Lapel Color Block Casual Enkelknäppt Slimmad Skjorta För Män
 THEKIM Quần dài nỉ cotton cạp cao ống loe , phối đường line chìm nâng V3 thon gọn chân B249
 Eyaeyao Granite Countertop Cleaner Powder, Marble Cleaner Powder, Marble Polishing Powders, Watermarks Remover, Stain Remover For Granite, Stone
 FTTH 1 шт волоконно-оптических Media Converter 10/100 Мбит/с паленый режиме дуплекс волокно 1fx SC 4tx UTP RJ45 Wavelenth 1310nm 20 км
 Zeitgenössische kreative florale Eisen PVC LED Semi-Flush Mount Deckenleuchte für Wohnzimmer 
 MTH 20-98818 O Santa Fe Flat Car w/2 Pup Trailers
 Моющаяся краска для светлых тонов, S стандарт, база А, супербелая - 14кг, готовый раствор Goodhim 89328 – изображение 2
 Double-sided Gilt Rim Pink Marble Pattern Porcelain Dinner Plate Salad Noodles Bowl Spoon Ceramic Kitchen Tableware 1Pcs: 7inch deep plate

DESCRIPTION OF THE TASK:
All of the material above should be reproduced exactly.

RESPONSE:
Lapel Color Block Casual Enkelknäppt Slimmad Skjorta För Män
 THEKIM Quần dài nỉ cotton cạp cao ống loe , phối đường line chìm nâng V3 thon gọn chân B249
 Eyaeyao Granite Countertop Cleaner Powder, Marble Cleaner Powder, Marble Polishing Powders, Watermarks Remover, Stain Remover For Granite, Stone
 FTTH 1 шт волоконно-оптических Media Converter 10/100 Мбит/с паленый режиме дуплекс волокно 1fx SC 4tx UTP RJ45 Wavelenth 1310nm 20 км
 Zeitgenössische kreative florale Eisen PVC LED Semi-Flush Mount Deckenleuchte für Wohnzimmer 
 MTH 20-98818 O Santa Fe Flat Car w/2 Pup Trailers
 Моющаяся краска для светлых тонов, S стандарт, база А, супербелая - 14кг, готовый раствор Goodhim 89328 – изображение 2
 Double-sided Gilt Rim Pink Marble Pattern Porcelain Dinner Plate Salad Noodles Bowl Spoon Ceramic Kitchen Tableware 1Pcs: 7inch deep plate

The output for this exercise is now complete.